What to produce: Without copying any picture, transcribe exactly the lines of the data below from the one containing "Outsunny Szklarnia ogrodowa" through the one containing "Patiphan Led Wall".

Information given:
+===+

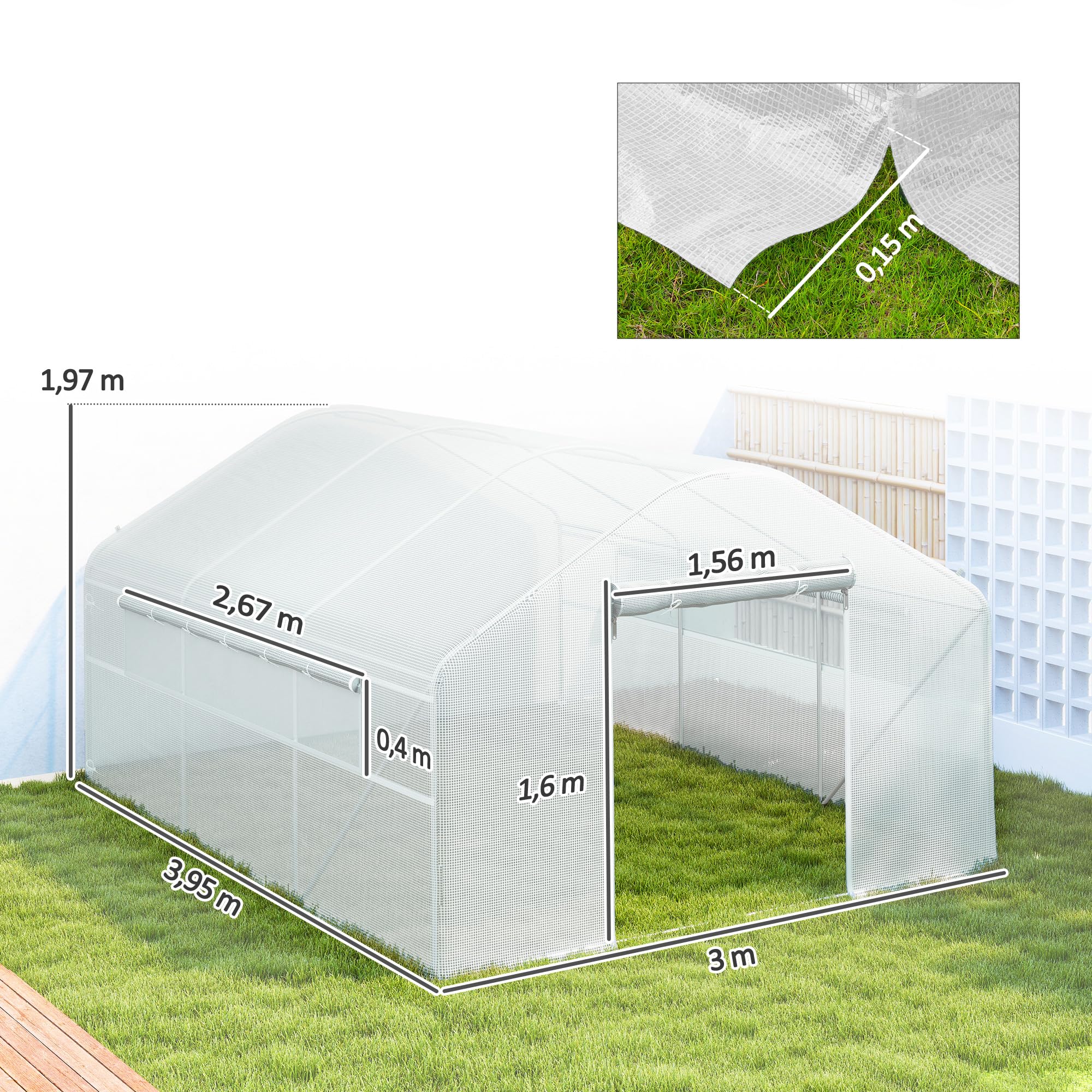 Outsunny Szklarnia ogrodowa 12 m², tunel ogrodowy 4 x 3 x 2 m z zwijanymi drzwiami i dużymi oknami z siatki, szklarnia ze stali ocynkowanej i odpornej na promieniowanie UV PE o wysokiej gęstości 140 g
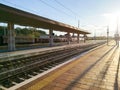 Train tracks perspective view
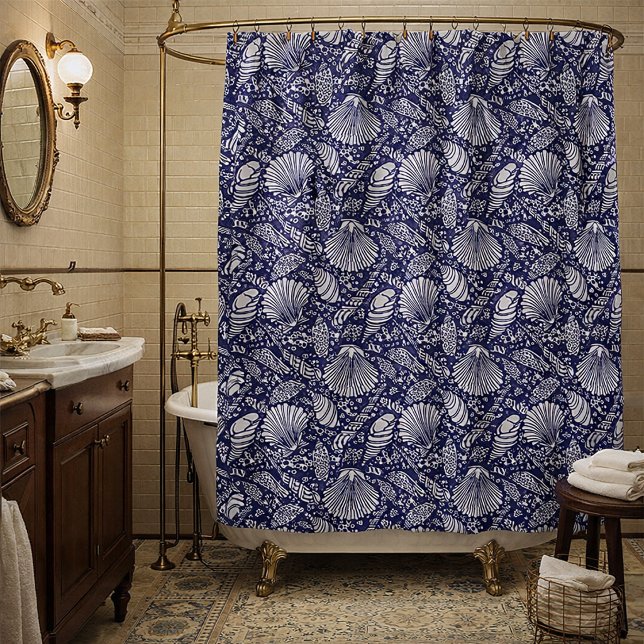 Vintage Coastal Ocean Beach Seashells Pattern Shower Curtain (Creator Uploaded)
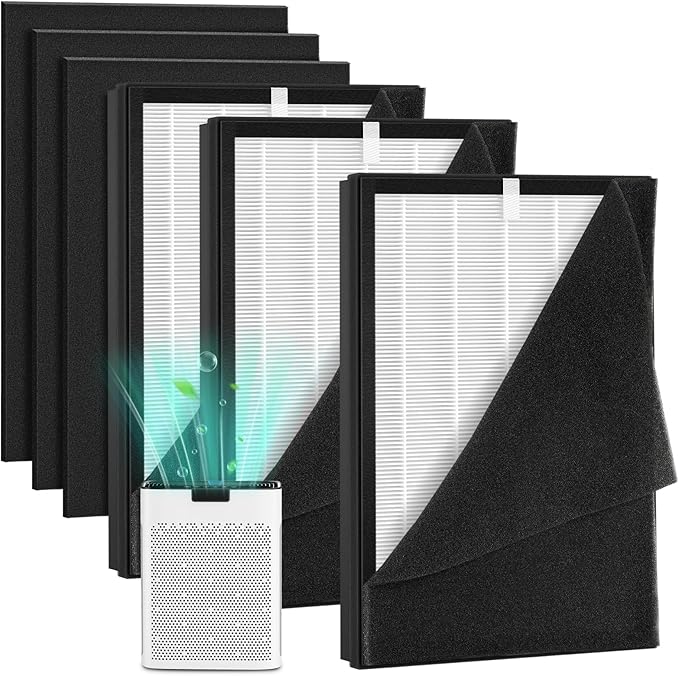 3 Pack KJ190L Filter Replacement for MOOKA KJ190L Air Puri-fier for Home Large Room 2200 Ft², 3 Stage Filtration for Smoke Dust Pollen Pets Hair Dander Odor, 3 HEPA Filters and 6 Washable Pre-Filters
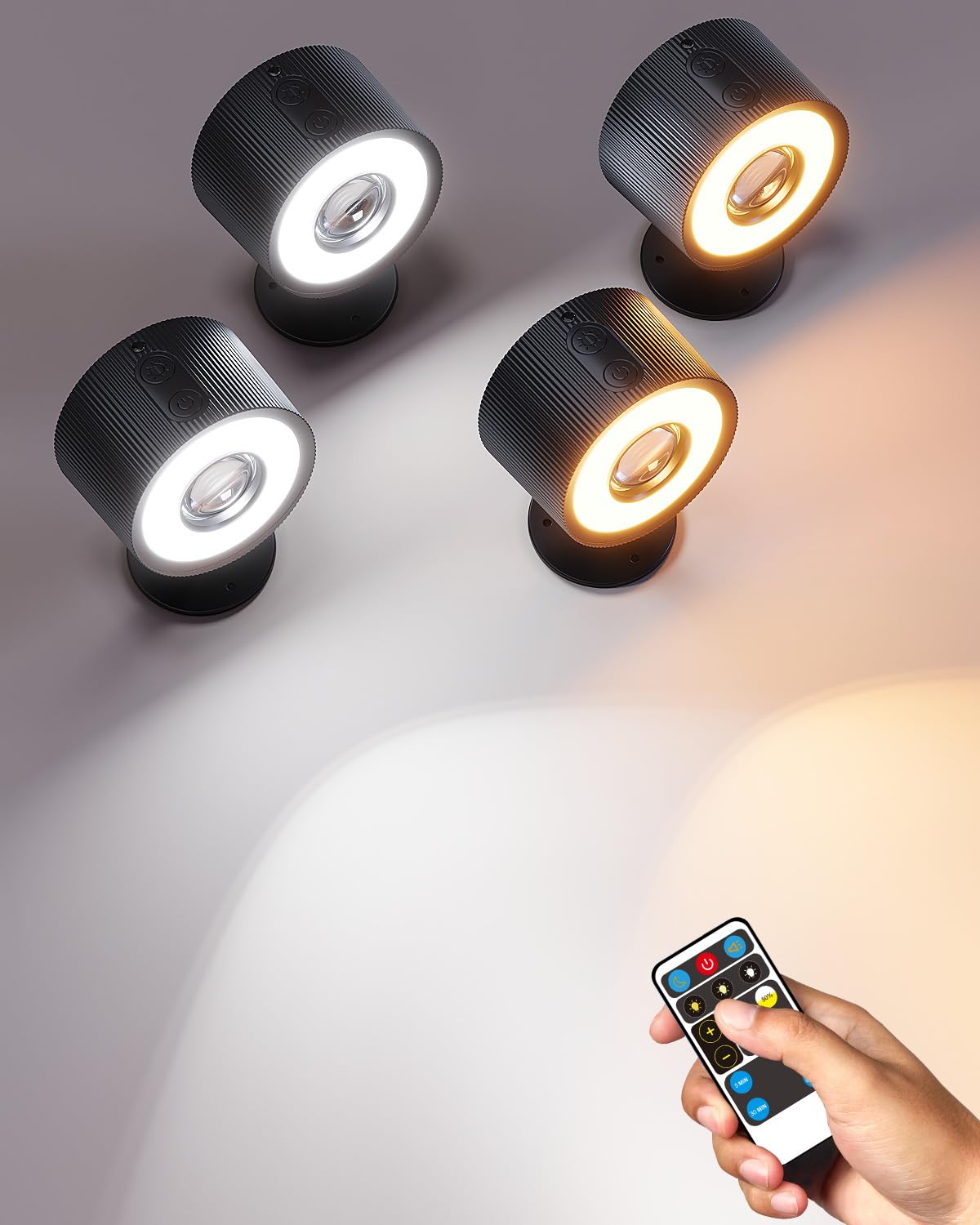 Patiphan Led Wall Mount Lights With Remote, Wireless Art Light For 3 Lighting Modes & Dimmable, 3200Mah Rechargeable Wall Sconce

+===+

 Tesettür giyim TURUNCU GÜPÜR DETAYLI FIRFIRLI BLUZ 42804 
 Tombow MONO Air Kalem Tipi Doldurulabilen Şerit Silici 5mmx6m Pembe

+===+

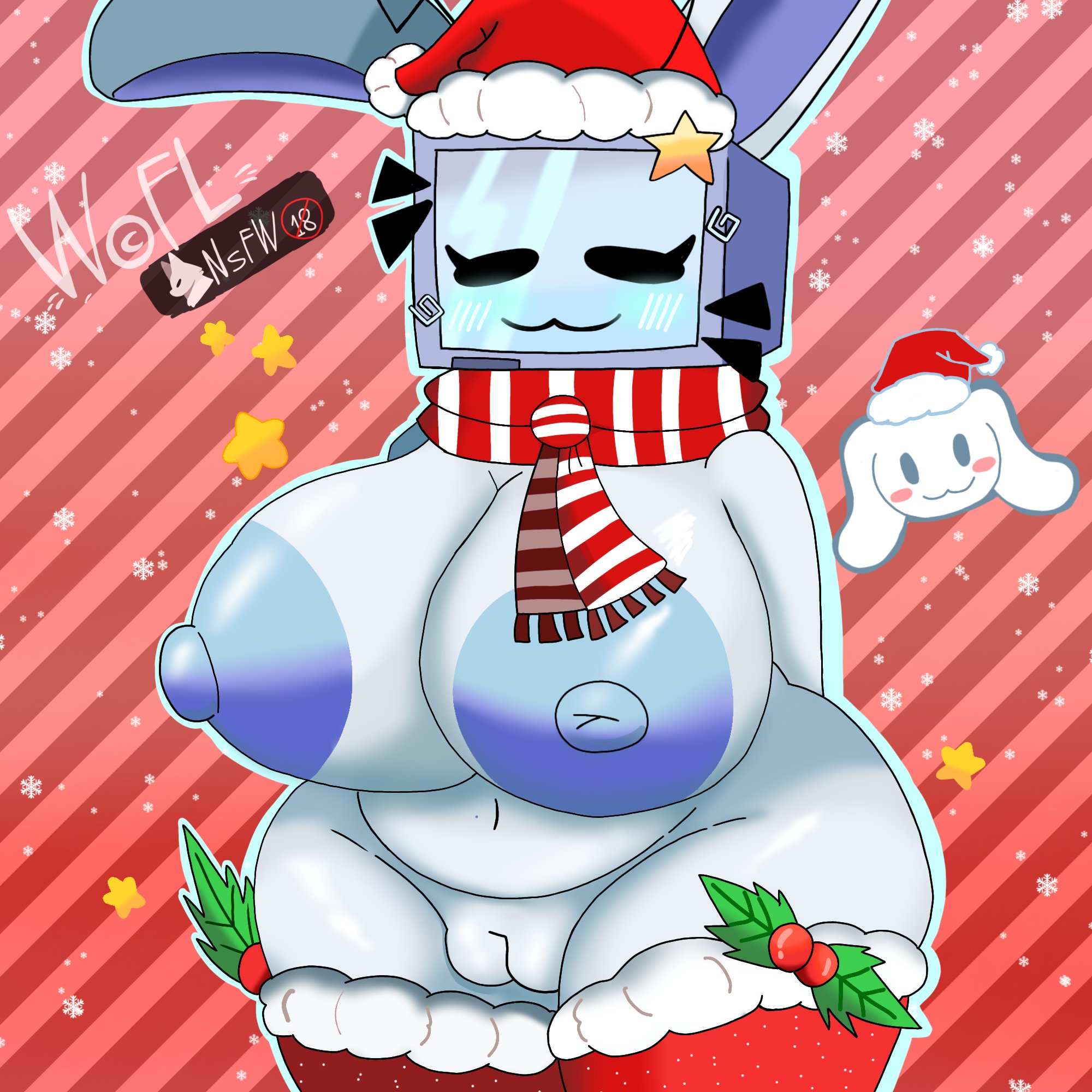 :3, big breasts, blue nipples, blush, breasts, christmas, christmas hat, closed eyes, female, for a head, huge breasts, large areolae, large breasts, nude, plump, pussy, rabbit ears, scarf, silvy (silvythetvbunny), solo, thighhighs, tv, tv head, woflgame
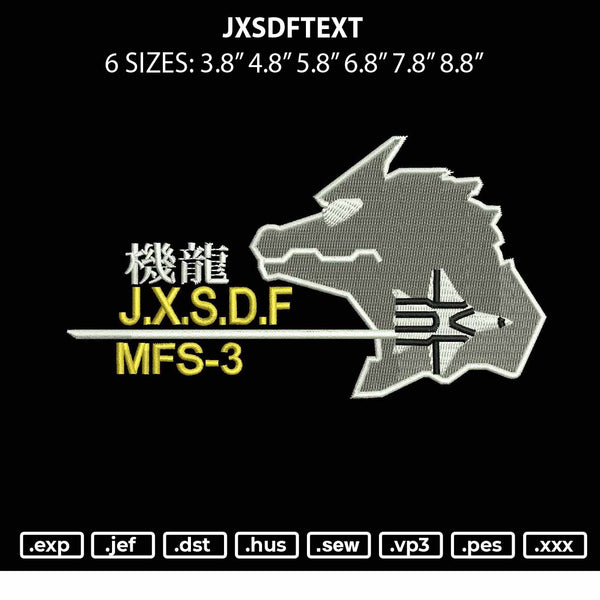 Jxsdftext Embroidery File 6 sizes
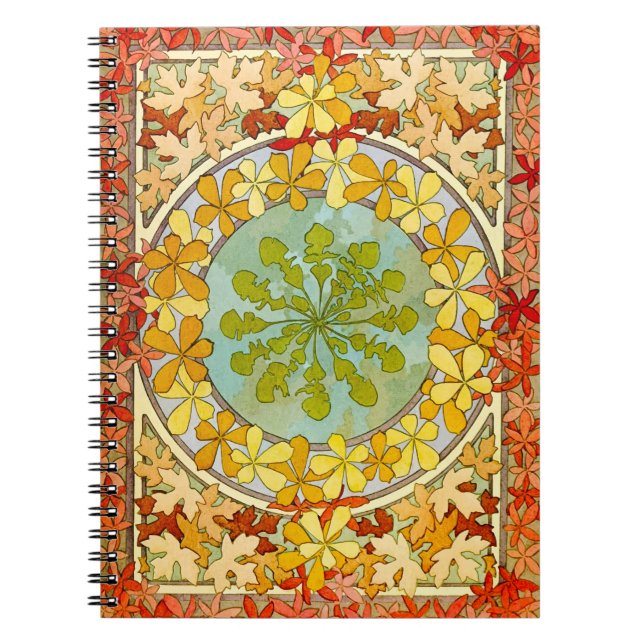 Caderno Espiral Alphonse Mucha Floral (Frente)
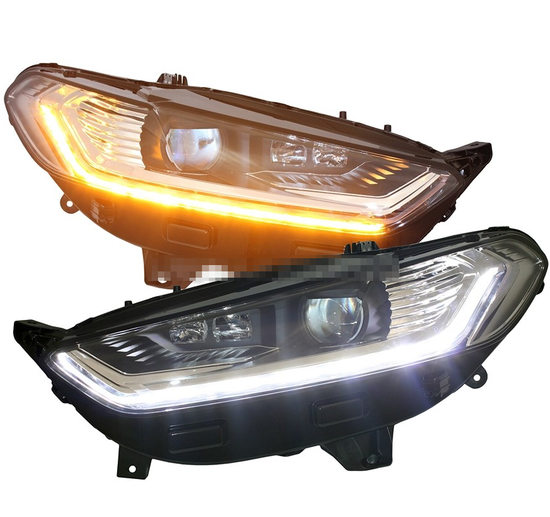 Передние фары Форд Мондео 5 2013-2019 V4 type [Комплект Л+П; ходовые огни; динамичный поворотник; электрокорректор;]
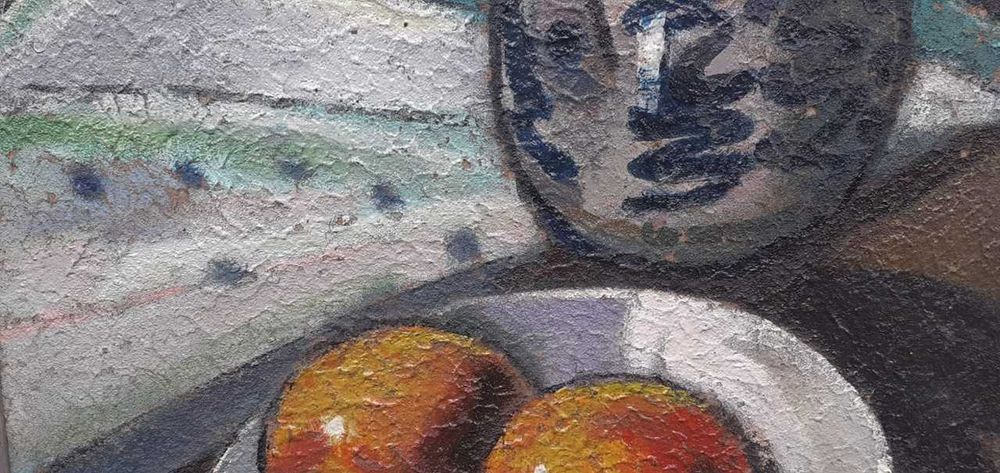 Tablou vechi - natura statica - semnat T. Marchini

+===+

Answer space:
 Outsunny Szklarnia ogrodowa 12 m², tunel ogrodowy 4 x 3 x 2 m z zwijanymi drzwiami i dużymi oknami z siatki, szklarnia ze stali ocynkowanej i odpornej na promieniowanie UV PE o wysokiej gęstości 140 g
 Train tracks perspective view
 Vintage Coastal Ocean Beach Seashells Pattern Shower Curtain (Creator Uploaded)
 3 Pack KJ190L Filter Replacement for MOOKA KJ190L Air Puri-fier for Home Large Room 2200 Ft², 3 Stage Filtration for Smoke Dust Pollen Pets Hair Dander Odor, 3 HEPA Filters and 6 Washable Pre-Filters
 Patiphan Led Wall Mount Lights With Remote, Wireless Art Light For 3 Lighting Modes & Dimmable, 3200Mah Rechargeable Wall Sconce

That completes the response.